1. Technology is a good thing!
I see a lot of talk in this class about whether or not expanding technology in libraries is a good thing or the thing that will be the undoing of the LIS world as we know it (!!!!!!). There is a fear that with the onset of technology as a staple of what a library offers, librarians will be pushed aside in favor of IT professionals. I couldn’t disagree more. Technology is what will keep libraries relevant and looking to the future. This does not mean that books will disappear, but that libraries will be able to provide more vehicles for people to access books, information, and the training they need to be prepared to enter the workforce. I have spoken about this many times in my blog posts and discussion board answers, and if I had to pick a theme of my writing, this would be it. I just hope that the current and future librarians out there can accept technology as both another way to reach out to their patrons and another avenue for librarians to prove their importance to a community, and make an effort to learn and adapt to what that means instead of fearing and fighting it. If the current state of LIS jobs is any indication, we are on a good path. According to a recent study, the top new job titles and responsibilities for 2013 included positions such as Emerging Technologies Specialist, Social Media Manager, User Experience Designer, Digital Content Manager and Digital Archives (Maatta, 2013).
2. Forced reflection is helpful.
The most helpful aspect of writing these blog posts is that they force me to really think about what my ultimate career goals are, and where I currently stand in the path to get there. So far in my career, I have mostly just gone with the flow, taking on different responsibilities and opportunities as they come without any real direction. Being forced to actually look at the current state of the LIS profession and what positions are out there, what my career could actually look like instead of just some fuzzy vision in my mind, is constructive.
3. Managing and leading are two very different things.
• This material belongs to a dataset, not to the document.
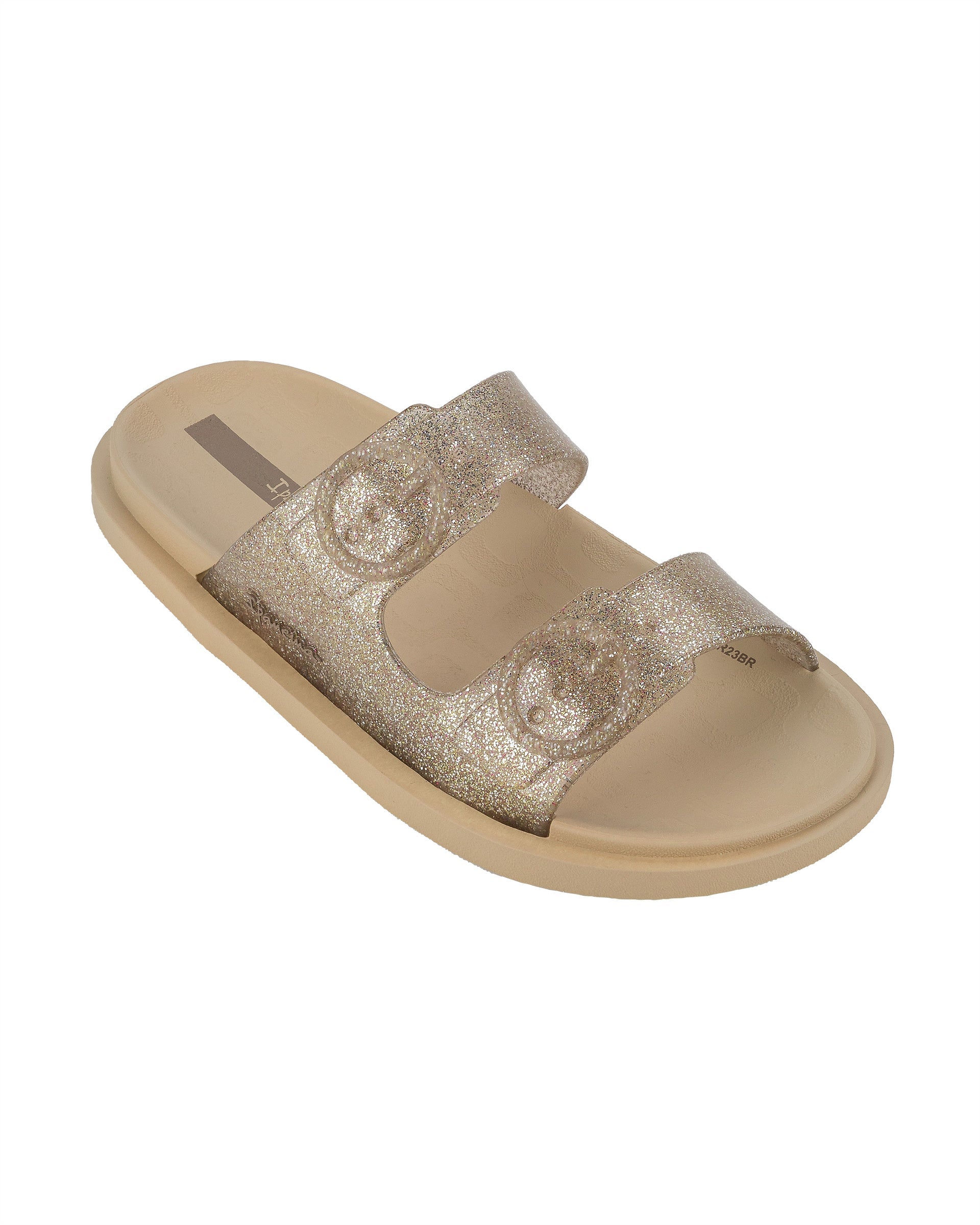 Angled view of a beige Ipanema Follow kids slide with a glitter upper.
Not that I didn’t necessarily know this before, but the chapter and readings on management in libraries was a good reminder that management is only as limiting as you make it. I see myself as a manager still in a learning/transitional phase. A lot of my week consists of situations that I have not experienced as a manager yet, and so I find myself reacting to them and getting bogged down with the tasks and processes that that all managers must deal with. However, that is slowly changing. I want to get to a good place where I am not focused purely on the rules and regulations of my workplace, and instead make opportunities for myself to be innovative and creative. I have been utilizing the website Manager Tools, specifically the podcasts, to help me better understand how to handle many of the situations that arise when you manage a large and diverse group of people. Their information on the importance of one-on-one meetings and giving feedback to employees is incredibly helpful (Manager Tools, 2005).
Maatta, S. L. (2013). The Emerging Databrarian. Library Journal, 138(17), 26.